What you have to do: Please repeat the whole listing exactly, but leave the pictures out.

Given material:
+ + + + +

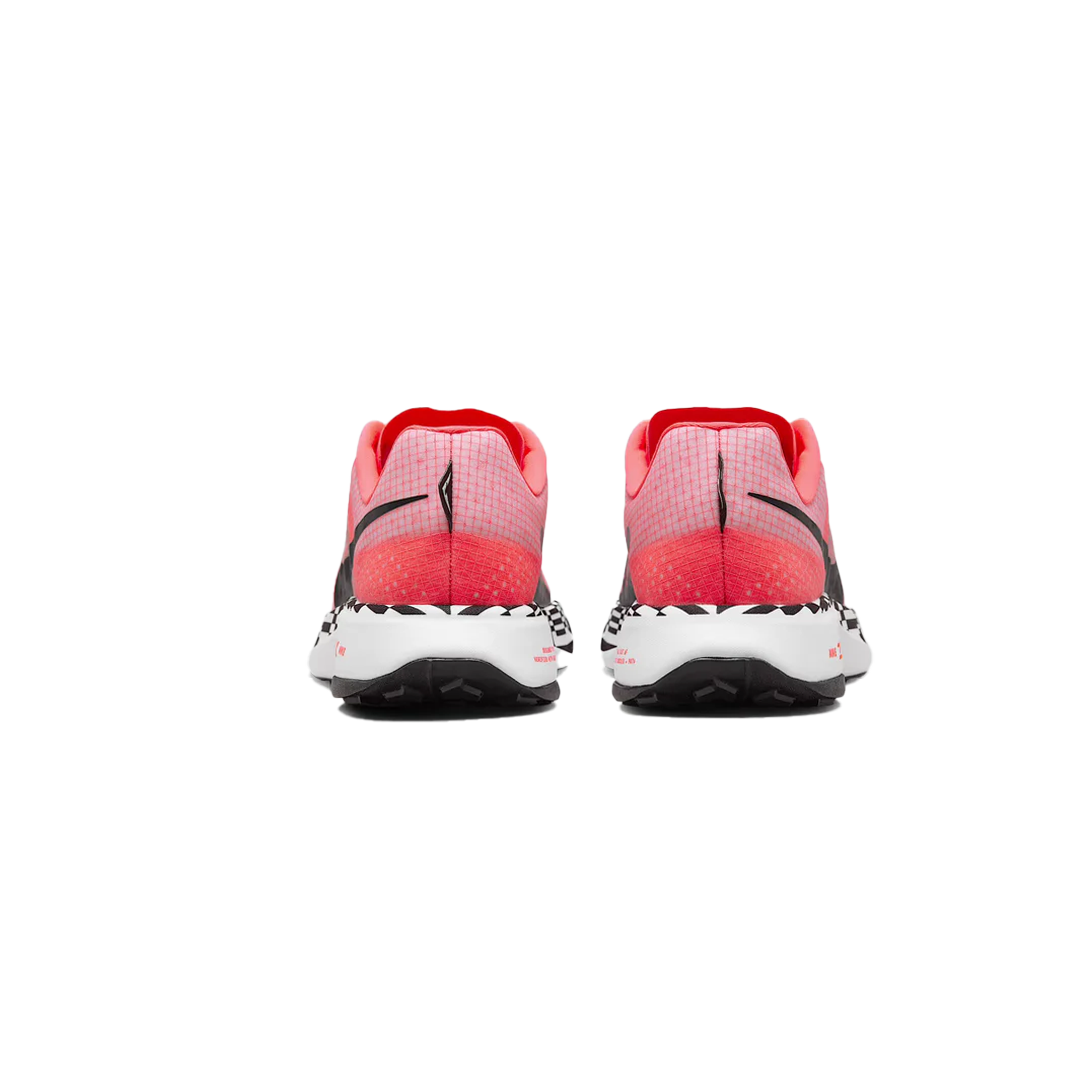 Men's Nike Ultrafly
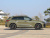 Audi Q5L 2026 2.0T Intelligent Hybrid Premium Edition
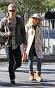 Image result for annasophia robb dating austin butler
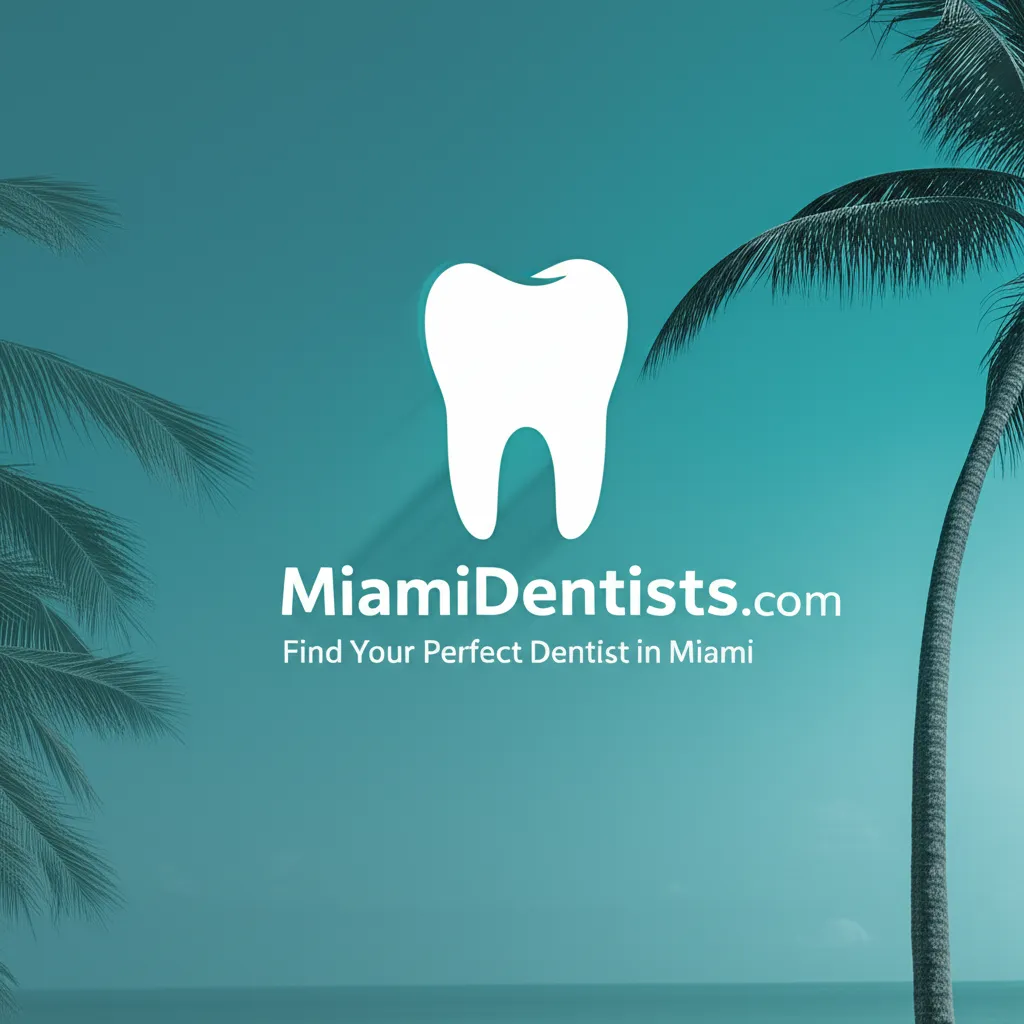 Rosenberg Sarah L DDS Dental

+ + + + +

Problem solution:
 Men's Nike Ultrafly
 Audi Q5L 2026 2.0T Intelligent Hybrid Premium Edition
 Image result for annasophia robb dating austin butler
 Rosenberg Sarah L DDS Dental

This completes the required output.